4. LA CONSOLIDACIÓN DEL TRIBUNAL COMO ÓRGANO ESENCIAL DE SISTEMA
Todos estos factores fueron contribuyendo a que, por una parte, se reforzase el carácter del Convenio como Carta de Derechos europea, y por otra, y correlativamente, el eje de gravedad del sistema del Convenio se fuera desplazando progresivamente de la Comisión al Tribunal. El aumento de países firmantes del Convenio, y el correspondiente aumento de demandas individuales fueron dando oportunidad al Tribunal de elaborar una interpretación de los derechos del Convenio que implicaba una efectiva garantía de esos derechos, que tenía una cada vez mayor difusión en el mundo de los actores del Derecho, y que, a su vez, daba lugar a una mayor afluencia de demandas.

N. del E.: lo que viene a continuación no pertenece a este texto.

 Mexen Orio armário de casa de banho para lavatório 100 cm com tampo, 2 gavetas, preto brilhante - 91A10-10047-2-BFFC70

El profesor Ed Bates14, desde la perspectiva británica, coloca el punto de inflexión en el desarrollo del Convenio, confirmando la posición clave del Tribunal, en la sentencia Golder contra Reino Unido, de 1975. En esta sentencia, el Tribunal, frente a la opinión del juez británico, optó por una interpretación del derecho a un proceso equitativo, del artículo 6 del Convenio (en una aplicación innovadora de los términos de la Convención de Viena sobre la interpretación de los tratados) no meramente literalista, y restrictiva en favor de los Estados firmantes, sino claramente garantista y, desde una perspectiva actual, activista. Sea o no Golder el punto de inflexión, a partir de 1975 la actividad del Tribunal aumenta progresivamente, tanto en aspectos cuantitativos como cualitativos. Entre 1975 y 1979 dictó diecisiete sentencias sobre el fondo; en ellas fue afirmando las líneas básicas de su jurisprudencia, que se mantendrían hasta hoy. Así, en Tyrer contra Reino Unido, de 1978, la idea del Convenio como un “instrumento vivo” (living instrument) frente a interpretaciones “historicistas”; en Marckx contra Bélgica, de 1979, el concepto de “margen de apreciación”; en Airey contra Irlanda (1979) la afirmación de que el Convenio perseguía una protección real y efectiva, y no meramente formal de los derechos en él consagrados; en Engel contra Países Bajos, de 1976, el Tribunal acuña la noción de “conceptos autónomos”.